Até parece que o QUALIS é o culpado pelo individualismo! Mas precisamos ter consciência de que a tecnologia, aqui representada pela bibliometria atrás do QUALIS, é apenas uma ferramenta e se não construirmos valores humanos e éticos, se estas tecnologias não forem utilizadas com uma análise e comprometimento social os resultados podem ser muito ruins. O resultado poderá ser, e neste caso foi, uma baixa na qualidade do relacionamento humano intragrupos e do comportamento social. Está na hora de mudar o sistema de avaliação científico no Brasil. Basta de bibliometria naïf, precisamos discutir o que é realmente qualidade. Minha grande dúvida tem sido se uma avaliação exclusivamente baseada na produção individual é fair. Pode alguém produzir resultados adequados e justos socialmente em trabalho isolado? Se esta pessoa for alguém como o filósofo Kant que nunca saiu de sua cidade de Königsberg e revolucionou a filosofia com sua Crítica da Razão Pura, tudo bem. Mas nós, simples mortais, financiados pela Sociedade podemos ser avaliados e trabalhar em ermitagem? Esta dúvida e reflexão se aplicam para os pesquisadores em todas as áreas em que equipes são essenciais. Talvez este raciocínio não possa ser considerado para os pesquisadores realmente teóricos. Mas mesmo assim tenho dúvidas sobre se o ambiente não é um elemento essencial para estimular estes trabalhos. Agora tive a esperança que a nova Avaliação Multidimensional da CAPES fosse melhorar o cenário, mas se transformou em uma coleta desvairada de dados na plataforma Sucupira. 
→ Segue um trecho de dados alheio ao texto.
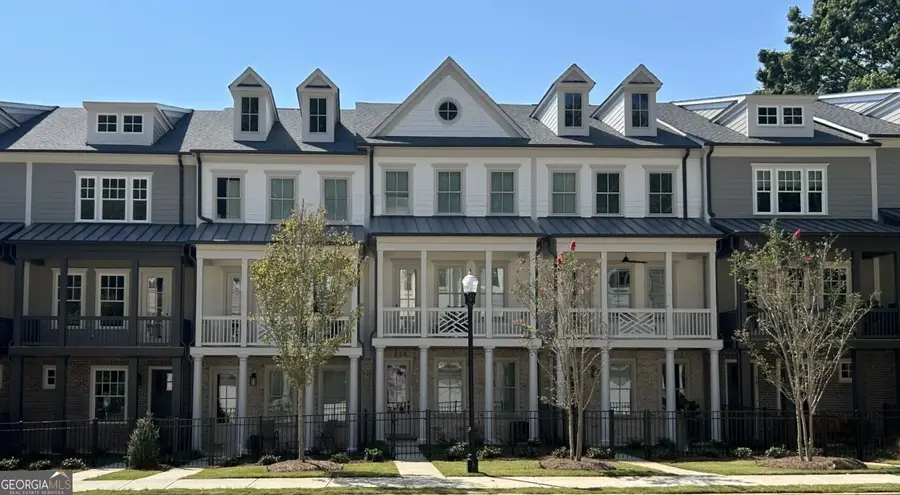 1955 Flying Scotsman Drive #24, Kennesaw, GA 30144 - Image #3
Claro que a avaliação bibliométrica é um prazer para os burocratas, um número não implica na necessidade de um julgamento humano. A justificativa é que na avaliação da CAPES há outros critérios. Mas de fato estes critérios saturam e pior muitos pesquisadores seniores acham que estes critérios não são relevantes: o que vale é publicar! Agora há, como já comentei, uma coleta burocrática de dados em um número incrível. Algum de vocês já viu um coordenador de pós-graduação enfatizando a necessidade de termos alunos de alta qualidade para formarmos pesquisadores competentes ou de termos mais interação entre os pesquisadores para termos melhor avaliação? Em todos os locais que conheço a ladainha é a mesma: publicar, publicar e publicar. Para uma boa avaliação são necessários menos dados mas de boa qualidade, isto se denomina redução dimensional: quais as melhores publicações, onde estão os melhores alunos formados, quais os melhores projetos conseguidos, qual a interação entre os pesquisadores e com os alunos.

Então a minha conclusão é: o QUALIS não é o culpado, nós somos os culpados pela sua má utilização. A CAPES tem insistido que esta é uma ferramenta para a avaliação dos programas de pós-graduação e não dos pesquisadores. Mas isto é um mito, se a avaliação dos programas é funcionalmente dependente das produções bibliográficas dos pesquisadores quem não vai transferir esta avaliação para estes pesquisadores? Não sou contrário a boas publicações, ao contrário acho isto essencial, mas não como o critério exclusivo. Está na hora de estimularmos a cooperação e não o individualismo e a competição exacerbada. Esta competição radical, este egoísmo feroz, como diz Saramago, estão criando a violência em nossas cidades e piorando a cooperação em nossos grupos de pesquisa. Vamos ter a humildade de reconhecer que o mérito é da equipe. Não sou contra critérios quantitativos, inclusive trabalho e publico artigos com boa densidade, o que não concordo é com a predominância quase exclusiva das publicações e com o individualismo exacerbado que está crescendo nos grupos de pesquisa. Acho que enfatizamos tanto a qualidade das publicações que o tema se tornou uma obsessão para os jovens pesquisadores.